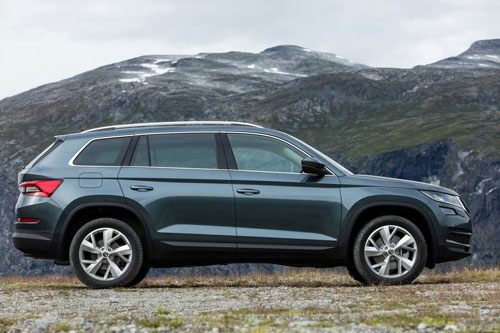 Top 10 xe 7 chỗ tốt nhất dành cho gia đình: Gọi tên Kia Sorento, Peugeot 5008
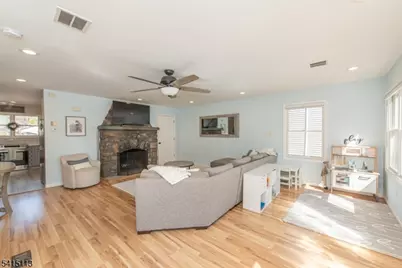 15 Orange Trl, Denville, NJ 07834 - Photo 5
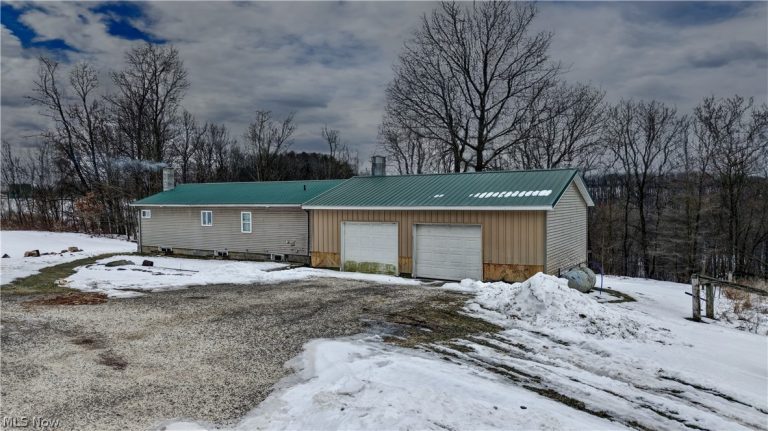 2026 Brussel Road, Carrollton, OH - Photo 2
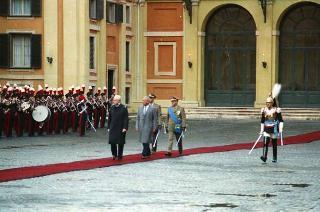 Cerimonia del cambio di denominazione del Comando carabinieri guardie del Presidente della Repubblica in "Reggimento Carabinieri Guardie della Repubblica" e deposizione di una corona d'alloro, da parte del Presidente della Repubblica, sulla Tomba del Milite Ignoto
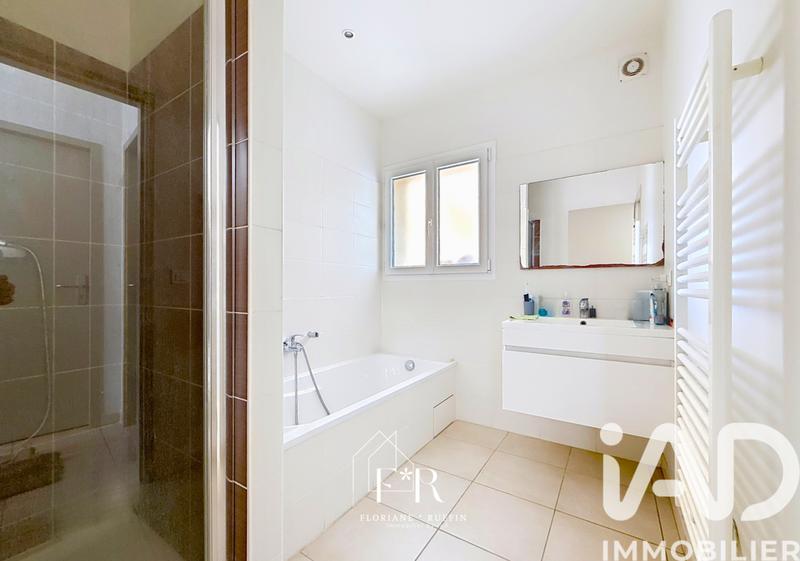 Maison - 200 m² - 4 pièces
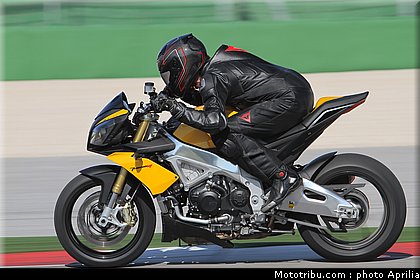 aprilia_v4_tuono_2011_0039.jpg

Work item: Your copy should consist only of the lines from the line holding "15 Orange Trl, Denville, NJ 07834 - Photo 5" through the final line of the listing above, both included, with all pictures omitted.

Task result:
 15 Orange Trl, Denville, NJ 07834 - Photo 5
 2026 Brussel Road, Carrollton, OH - Photo 2
 Cerimonia del cambio di denominazione del Comando carabinieri guardie del Presidente della Repubblica in "Reggimento Carabinieri Guardie della Repubblica" e deposizione di una corona d'alloro, da parte del Presidente della Repubblica, sulla Tomba del Milite Ignoto
 Maison - 200 m² - 4 pièces
 aprilia_v4_tuono_2011_0039.jpg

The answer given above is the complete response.